- Your goal -
Only the lines from the one with "An aerial view" through the last line of the data below are to be duplicated, exactly and without pictures.

- Given information -

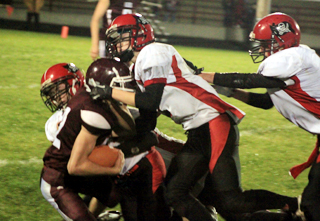 Matt Schwartz and Rhett Schlader tackle a Kamiah runner for a loss as another Pirate defender comes into the play.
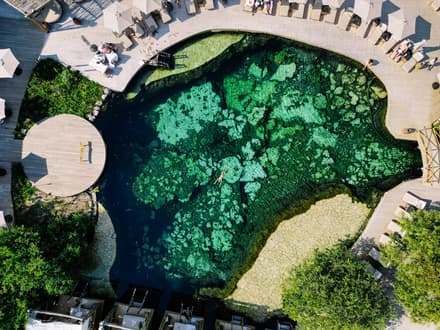 An aerial view shows a swimmer floating in the clear green cenote pool surrounded by wooden decks at Atta.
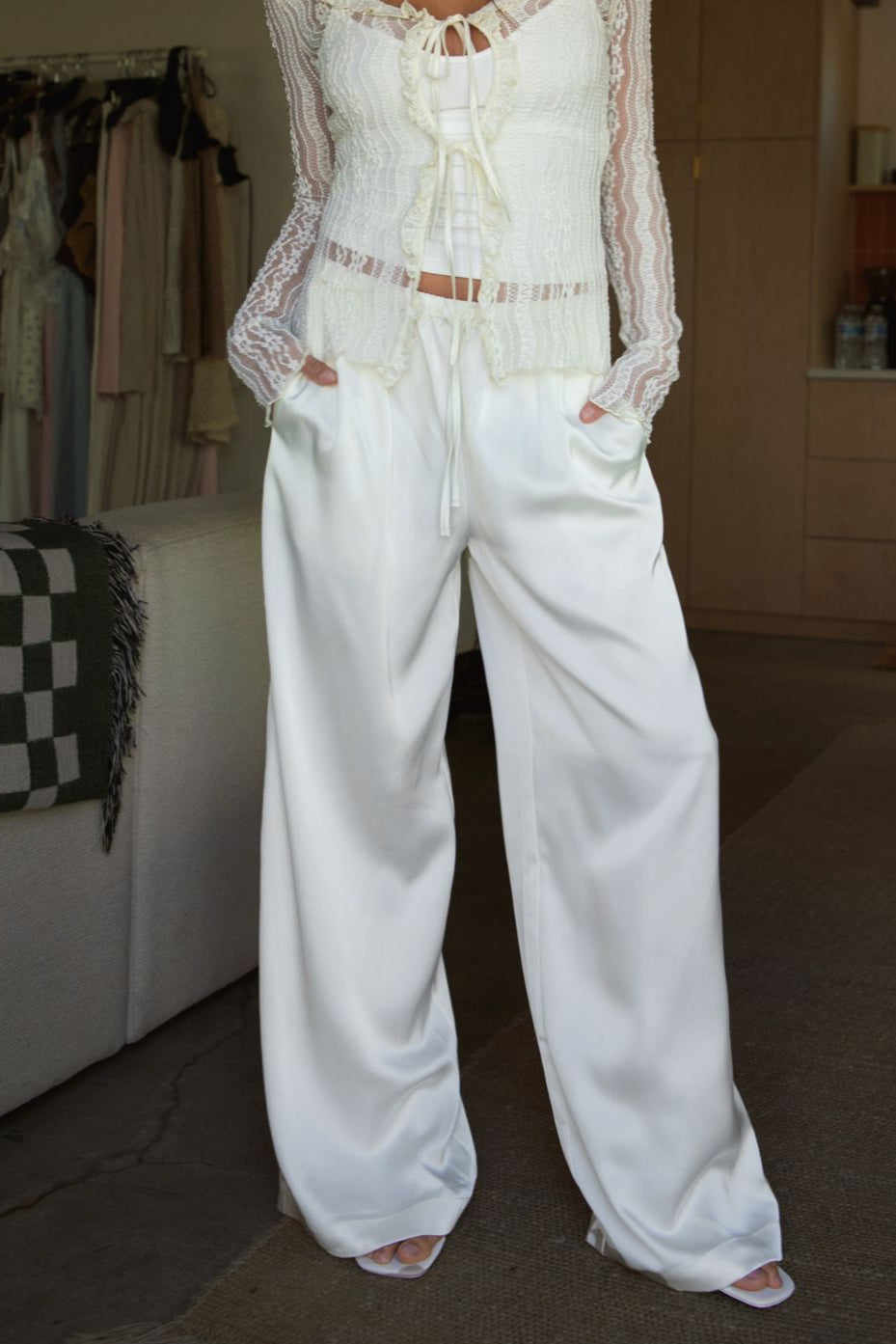 Woman wearing TIC TOC VERONA Satin Pull-On Pants in Cream front view with wide leg silhouette.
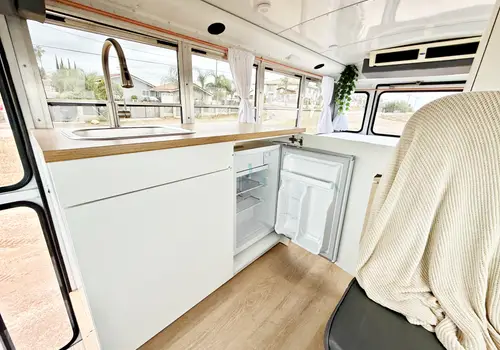 Road-Ready Tiny Home Bus – Just 32K Miles! image 2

- Result of this task -
 An aerial view shows a swimmer floating in the clear green cenote pool surrounded by wooden decks at Atta.
 Woman wearing TIC TOC VERONA Satin Pull-On Pants in Cream front view with wide leg silhouette.
 Road-Ready Tiny Home Bus – Just 32K Miles! image 2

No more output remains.